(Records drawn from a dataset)
══════

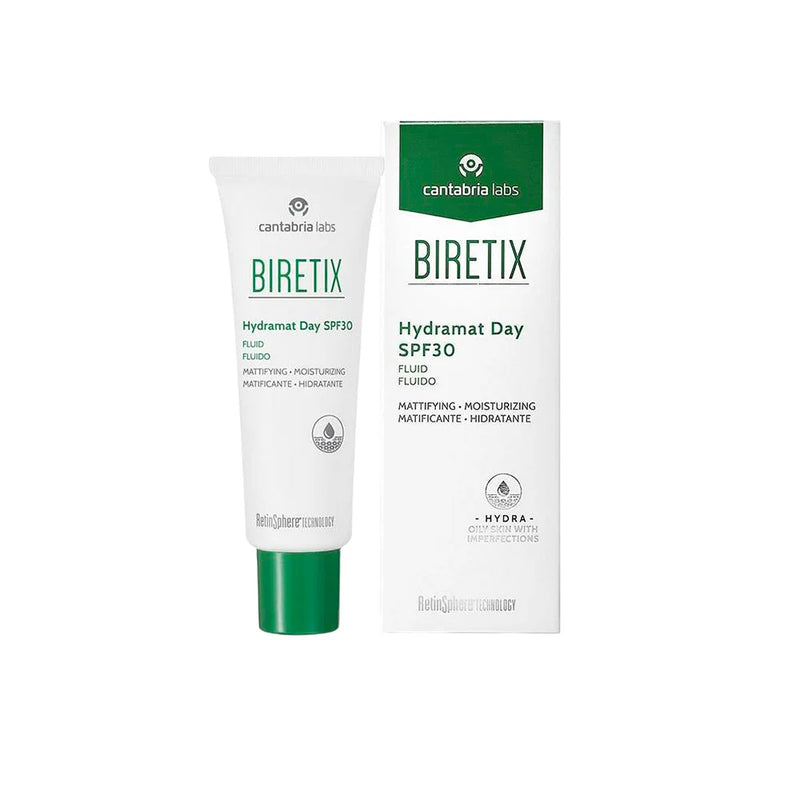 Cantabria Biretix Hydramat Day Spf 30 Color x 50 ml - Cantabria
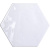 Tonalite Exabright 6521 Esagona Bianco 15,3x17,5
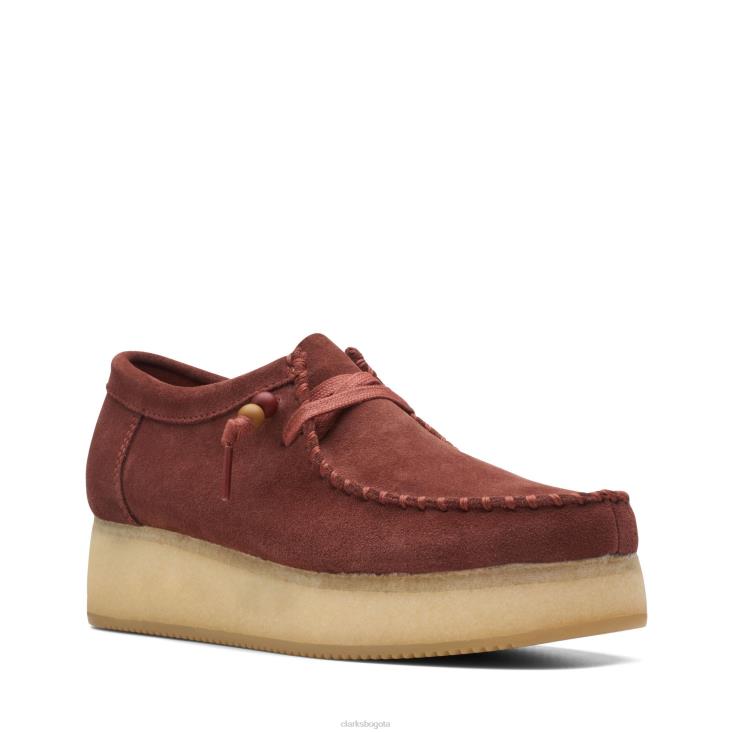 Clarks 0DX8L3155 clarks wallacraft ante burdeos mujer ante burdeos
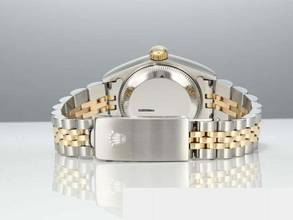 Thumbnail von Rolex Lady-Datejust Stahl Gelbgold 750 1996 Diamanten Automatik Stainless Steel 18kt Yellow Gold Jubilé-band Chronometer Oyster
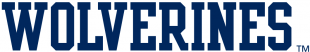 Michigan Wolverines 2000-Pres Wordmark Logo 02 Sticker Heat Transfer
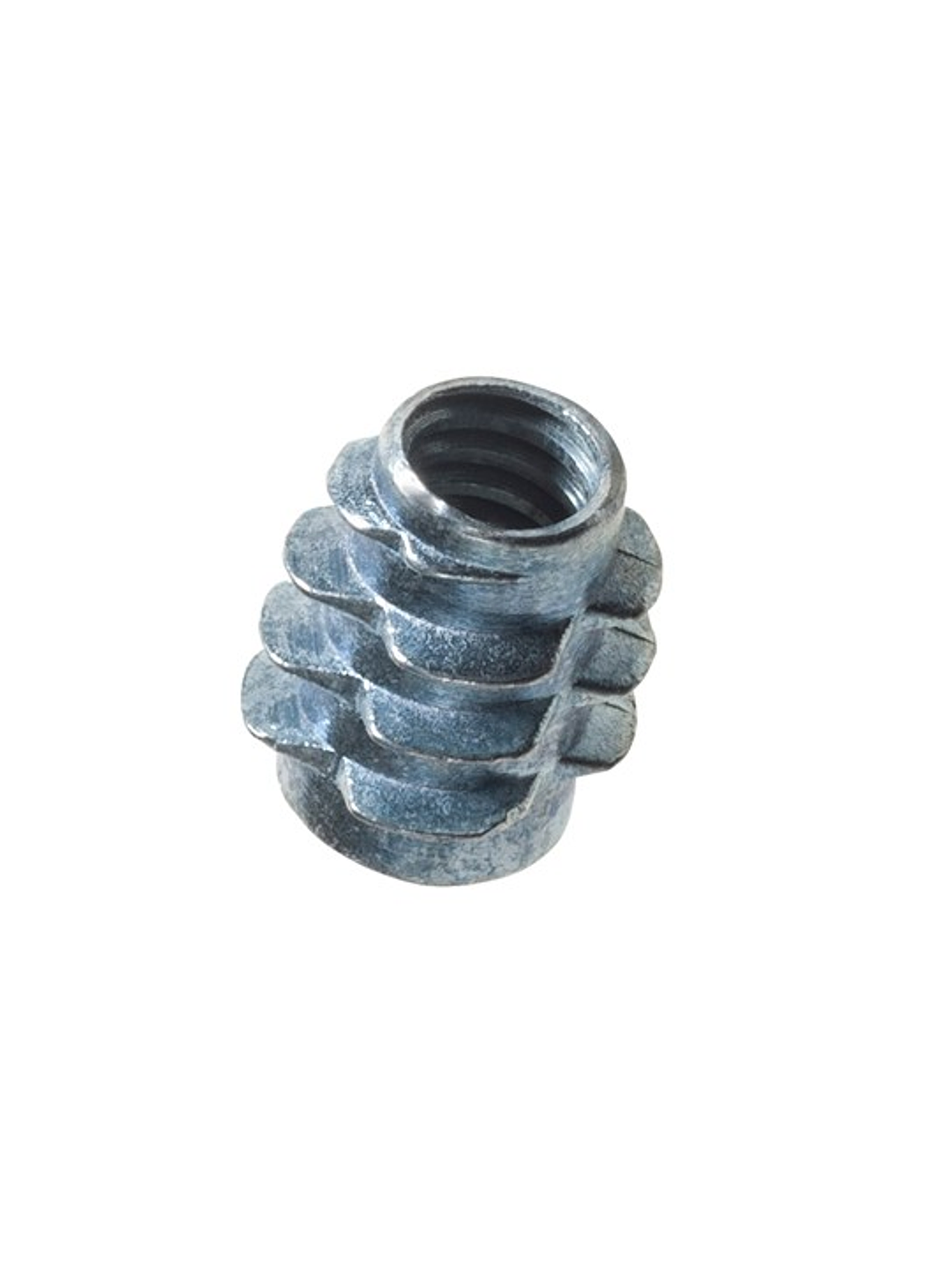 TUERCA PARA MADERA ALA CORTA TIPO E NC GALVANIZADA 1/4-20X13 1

══════

Could you set down the data exactly as given, minus its pictures?

 Cantabria Biretix Hydramat Day Spf 30 Color x 50 ml - Cantabria
 Tonalite Exabright 6521 Esagona Bianco 15,3x17,5
 Clarks 0DX8L3155 clarks wallacraft ante burdeos mujer ante burdeos
 Thumbnail von Rolex Lady-Datejust Stahl Gelbgold 750 1996 Diamanten Automatik Stainless Steel 18kt Yellow Gold Jubilé-band Chronometer Oyster
 Michigan Wolverines 2000-Pres Wordmark Logo 02 Sticker Heat Transfer
 TUERCA PARA MADERA ALA CORTA TIPO E NC GALVANIZADA 1/4-20X13 1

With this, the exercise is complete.